Depends on what your next step is. If it's bareshaft tuning at 20, you'll likely see your bareshaft hitting left and low.


----------



## suzukigs750ez (Jun 3, 2021)

After adjusting the rest towards the riser, this is what I get. I can see the nock in the air tail right with the bare shaft. My fletched is now dead on. When I shoot 3 bare and one fletched, fletched first they all group tight and none are crooked. Is that fine? The person who set my bow up previous to me did a terrible job. I've literally had to tear down and rebuild this brand new v3 from scratch. What he afforded me was knowledge but I haven't really been able to enjoy it... the vane tears may look funny because the paper had been sitting in a basement. It's like butcher paper. The fletched photo is one before I was getting bullet holes with vanes.


----------



## tirving (Nov 3, 2013)

Yup, that's a nock right tear in both, bareshaft just amplifies it. What distance abd you shooting through paper? Are you shooting right or left handed?


----------



## Verminaters1967 (Aug 20, 2019)

No not at all paper tune is done with a bare shaft I see a lot of archers paper tune with flech arrows this is WRONG if you dont the next thread that you will start is why wont my broad heads fly the same as my field tips . im not trying to be an ass but I see it all the time , I truly im trying to help .


----------



## suzukigs750ez (Jun 3, 2021)

I'm shooting maybe 18 yards, right handed. Same arrows, just unfletched.


----------



## suzukigs750ez (Jun 3, 2021)

Should I start with 90° nock point and move arrow rest settings back to zero? I have nock and rest set where the shop had it and was just adjusting the rest.


----------



## tirving (Nov 3, 2013)

So, you're actually bareshaft tuning. Shooting fletched through paper at 18 yards is not good as the vanes will stabilizer arrow flight at that distance. This is why you're bareshaft tore hard right. 
My advice, set everything square and level and work on your form to get the arrow flight as good as you can get it before moving rest. 
Depends on what bow you have but you may have to shims cams right or twist right yokes. I'd do that after working on form but before moving rest. Right handed shooter with right tear/arrow hitting left of fletched could mean the distance between your grip and your nocking point is too short and your draw elbow angle compared to grip/cams is too acute. This could be a lot: DL too short, lazy draw arm, pushing bow shoulder to far out, d loop too short.


----------



## suzukigs750ez (Jun 3, 2021)

Should I shoot it and watch the arrow. When the arrow looks like it's flying a bit more straight pull out the paper?


----------



## suzukigs750ez (Jun 3, 2021)

Now I'm getting this square


----------



## suzukigs750ez (Jun 3, 2021)

OK so, my last post is the best I can get. Does the target have to be head height or can you shoot out from 20 yards aiming towards the ground?

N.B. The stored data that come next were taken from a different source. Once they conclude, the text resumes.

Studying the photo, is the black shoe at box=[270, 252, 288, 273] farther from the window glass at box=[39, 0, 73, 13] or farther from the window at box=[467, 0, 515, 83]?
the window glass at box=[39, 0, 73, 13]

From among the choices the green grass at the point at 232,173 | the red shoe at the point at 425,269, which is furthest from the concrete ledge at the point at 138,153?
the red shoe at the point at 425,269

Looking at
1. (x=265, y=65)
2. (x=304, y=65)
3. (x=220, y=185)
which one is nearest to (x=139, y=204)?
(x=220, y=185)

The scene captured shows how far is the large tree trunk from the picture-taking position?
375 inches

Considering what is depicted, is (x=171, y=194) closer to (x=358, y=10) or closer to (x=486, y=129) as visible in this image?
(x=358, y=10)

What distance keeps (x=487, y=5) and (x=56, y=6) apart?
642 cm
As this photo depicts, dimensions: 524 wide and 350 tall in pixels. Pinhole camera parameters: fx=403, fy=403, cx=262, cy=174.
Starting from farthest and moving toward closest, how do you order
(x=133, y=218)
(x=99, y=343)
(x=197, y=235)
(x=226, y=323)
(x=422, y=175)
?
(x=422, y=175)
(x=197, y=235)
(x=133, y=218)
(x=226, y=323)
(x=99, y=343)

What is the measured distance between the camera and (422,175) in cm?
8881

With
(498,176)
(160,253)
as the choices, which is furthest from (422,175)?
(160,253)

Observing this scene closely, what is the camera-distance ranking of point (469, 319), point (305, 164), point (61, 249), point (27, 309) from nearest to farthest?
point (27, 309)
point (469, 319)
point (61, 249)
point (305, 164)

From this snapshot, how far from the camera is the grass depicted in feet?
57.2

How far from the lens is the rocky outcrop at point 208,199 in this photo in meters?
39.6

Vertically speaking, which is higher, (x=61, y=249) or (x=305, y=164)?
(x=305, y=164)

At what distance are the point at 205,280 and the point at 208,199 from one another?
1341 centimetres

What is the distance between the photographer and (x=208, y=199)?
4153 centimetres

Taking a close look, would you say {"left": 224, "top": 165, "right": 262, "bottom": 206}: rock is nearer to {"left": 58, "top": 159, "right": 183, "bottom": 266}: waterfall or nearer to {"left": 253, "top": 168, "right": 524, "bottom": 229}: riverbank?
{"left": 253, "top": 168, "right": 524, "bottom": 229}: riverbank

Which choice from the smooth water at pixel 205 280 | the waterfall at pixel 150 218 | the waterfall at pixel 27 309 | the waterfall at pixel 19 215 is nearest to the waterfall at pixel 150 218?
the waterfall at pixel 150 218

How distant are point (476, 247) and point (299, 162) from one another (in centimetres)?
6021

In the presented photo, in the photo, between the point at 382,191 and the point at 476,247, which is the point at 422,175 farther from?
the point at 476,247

When I find the nock is tearing one direction or another (usually elevation) and I adjust it throws the fletched into alignment and the bare is off. Usually diagonal. I'm shooting a mathews v3 31 if that helps.

It's definitely closer now than it has been since I bought it. The paper tear at best is about an inch.


----------



## suzukigs750ez (Jun 3, 2021)

These are my results from today.


----------



## Mr.Ed (Apr 14, 2012)

Is the arrow that you are using the proper spline for your set up? if so
The tare seems to be wrong. I've always started bare shaft tuning close to the target maybe 10 ft. with enough room between the paper and the target so not to tare the paper when you pool your arrow out. also shoot at a level height. This should help with odd tare issues. 
At this point I start moving the rest left or right to get ride of the tare.

Hope it helps.


----------



## suzukigs750ez (Jun 3, 2021)

Well, per your recommendation I changed my windage back past zero and I got the bare shaft to make an online tear perfectly vertical maybe an arrow and a half tear. That's the best I can do. Fletched still has perfect hole and vane lines.


----------



## tirving (Nov 3, 2013)

suzukigs750ez said:


> Well, per your recommendation I changed my windage back past zero and I got the bare shaft to make an online tear perfectly vertical maybe an arrow and a half tear. That's the best I can do. Fletched still has perfect hole and vane lines.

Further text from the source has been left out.